#### EXERCISE PROMPT
Return the data exactly, without pictures.

#### DATA BELOW
= = =

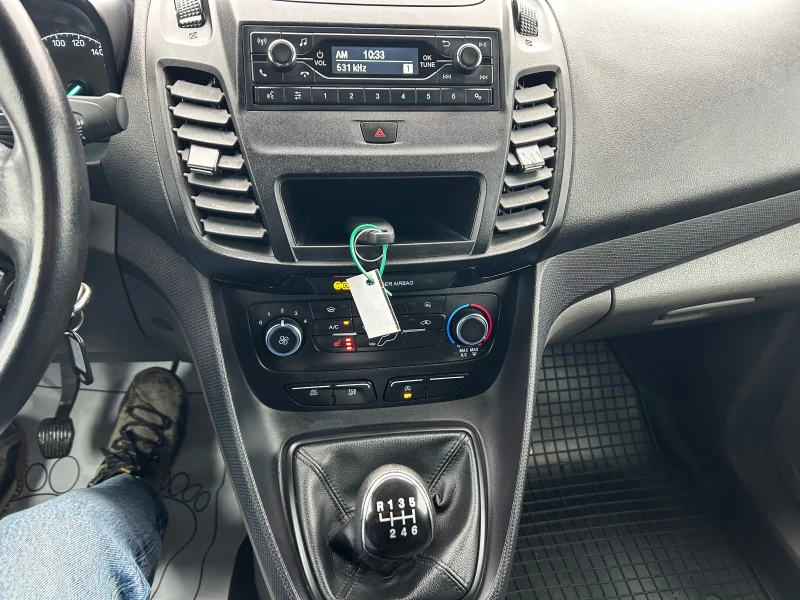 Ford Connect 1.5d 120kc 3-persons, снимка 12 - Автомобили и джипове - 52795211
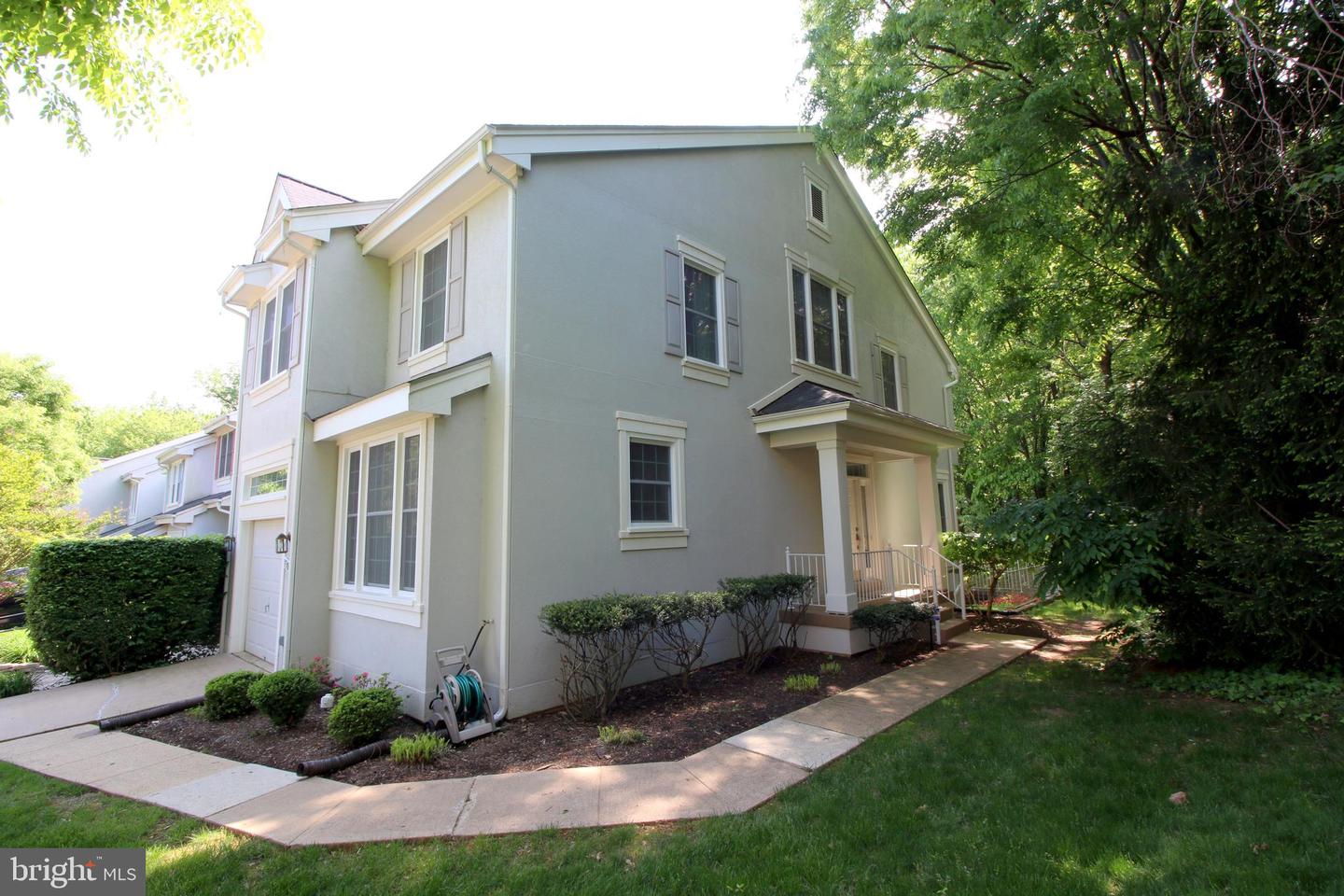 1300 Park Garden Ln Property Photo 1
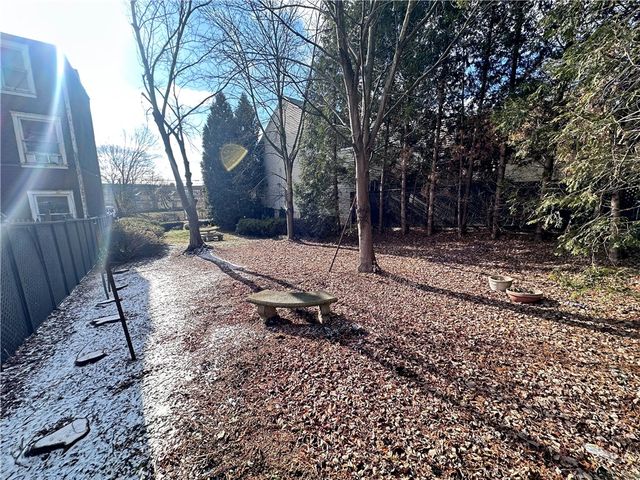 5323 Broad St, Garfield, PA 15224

= = =

#### ANSWER TO THE EXERCISE
 Ford Connect 1.5d 120kc 3-persons, снимка 12 - Автомобили и джипове - 52795211
 1300 Park Garden Ln Property Photo 1
 5323 Broad St, Garfield, PA 15224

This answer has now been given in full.